Well, considering that every time it gets especially foggy in San Francisco, there are mass electrocutions in the streets, I’d say this is a legitimate concern. :wink:

The conductivity even of extremely moist air (say, 100% relative humidity) is so far below what could be dangerous that it’s certainly not worth worrying about.

There could possibly be an issue with condensation on the metal of an electrical outlet. But it should be noted that the conductivity of water has a great deal to do with its purity: according to this site, the conductivity of sea water is about 500,000 times that of distilled water. And recently condensed water will be relatively pure. There’s also the point that bathroom circuits usually have GFCI (ground fault circuit interruptor) protection.

In short, the electrical danger in a humid bathroom is not nearly enough for concern.

Screwing in a bulb does not shield the electrical socket’s contacts from the air. So (except to probing fingers) a socket with a bulb in it presents the same risk as an empty one.

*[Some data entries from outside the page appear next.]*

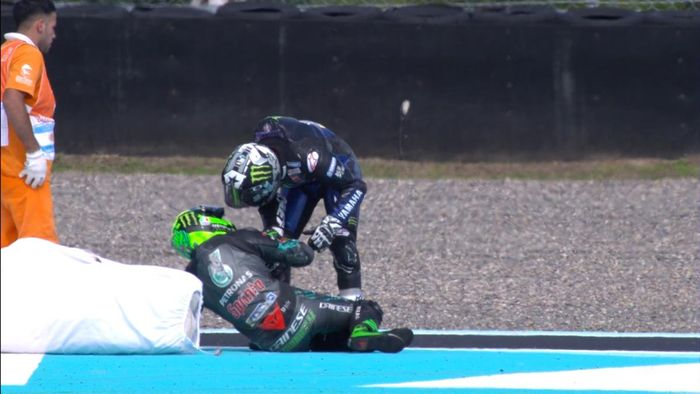 Maverick Vinales menghampiri Franco Morbidelli yang menyodokknya saat raceday MotoGP Argentina (2/4/2019) lalu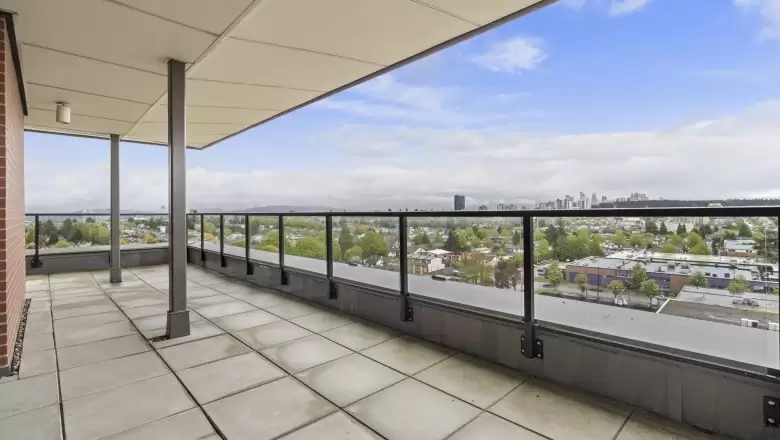 PH5 2689 KINGSWAY image #1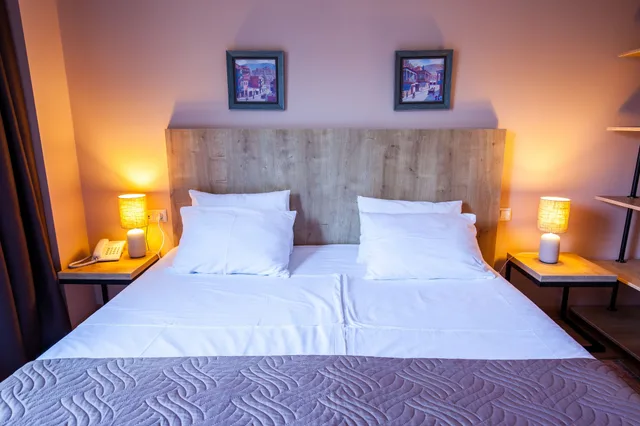 غرفة قياسية بسرير كوين بإطلالة على المدينة بشرفة، Hotel N16 4/7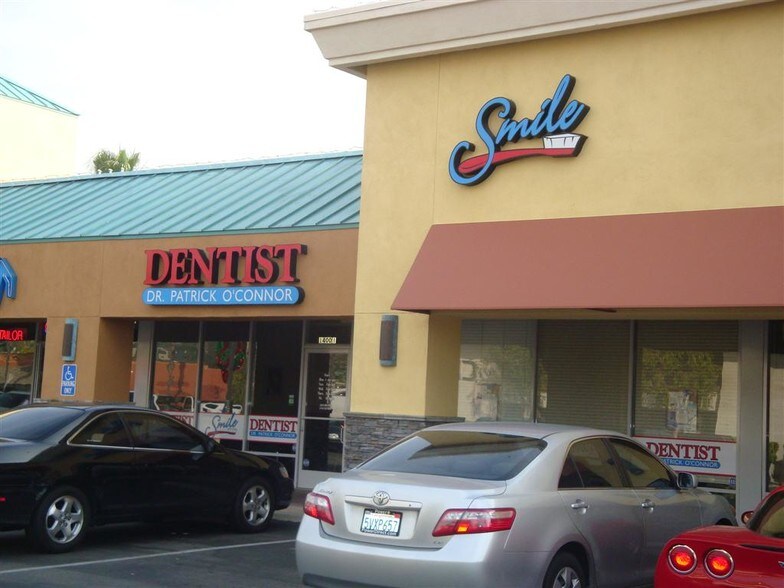 1200-1510 W Imperial Hwy, La Habra, CA à louer - Photo du bâtiment - Image 3 de 6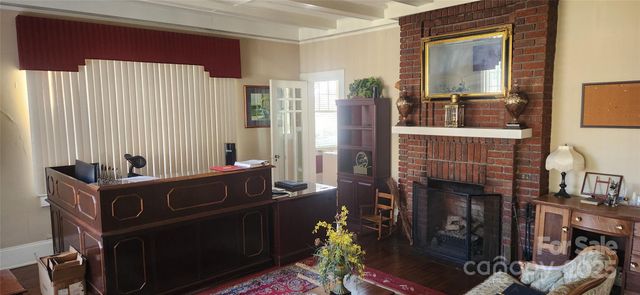 303 W Trade Street, Dallas, NC 28034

Which in round numbers is zero.

Okay, thank you, guys. :slight_smile: Or girls. I won’t be worrying as much when I steam up the bathroom, which about about to do majorly. Just throw my cat in there and leave the scalding water running for about half an hour and let it all steam up the whole room 100 times over. Just was making sure this wouldn’t kill her (or me when I go to open the door again).

The path of least resistance will be across the socket, so it’s not going to arc across the room and kill you. you shouldn’t be putting your fingers against the face plate though if it’s wet, because some stray current could flow through that water, before the GFI outlet trips.

Isn’t there a drought out there? Are you really just going to run the shower for half an hour because your cat has the sniffles? Why don’t you just wait until you’re going to take a shower anyway?

I was badly shocked by an aquarium cover that contained a fluorescent lamp. Enough moisture had accumulated inside it to make it electrically hot.

Is there? I have no idea. But you’re right…although “has the sniffles” is putting it mildly. More like “my cat is so stuffed up she can’t even breathe out of her nose and has to resort to breathing out of her mouth”, heh.

She just seems to have more difficultly breathing more and more but the vet said all you can do is:

  1. Give it time and
  2. Create a steam room using a shower since that helps.

But chances are I will wait until I take a shower next, although I don’t usually spend a half an hour in the shower nor shower under water as hot as I’ll have it for her.
Is there a drought? I hadn’t heard.

I create amateur steam baths by running hot water into the tub for a regular bath while aiming a fan down into the tub, and also putting a vaporizer into the bathroom. I leave the heat on full, too (it’s baseboard heat without any HVAC to dilute the steam). When water actually starts condensing on me, I know it’s ready, remove the fan, and take a soak.

There’s water running down the walls at this point, including over the recepticals. I’ve never sensed any tingly leakage. Also, the recepticals are GFI protected, and they have never tripped.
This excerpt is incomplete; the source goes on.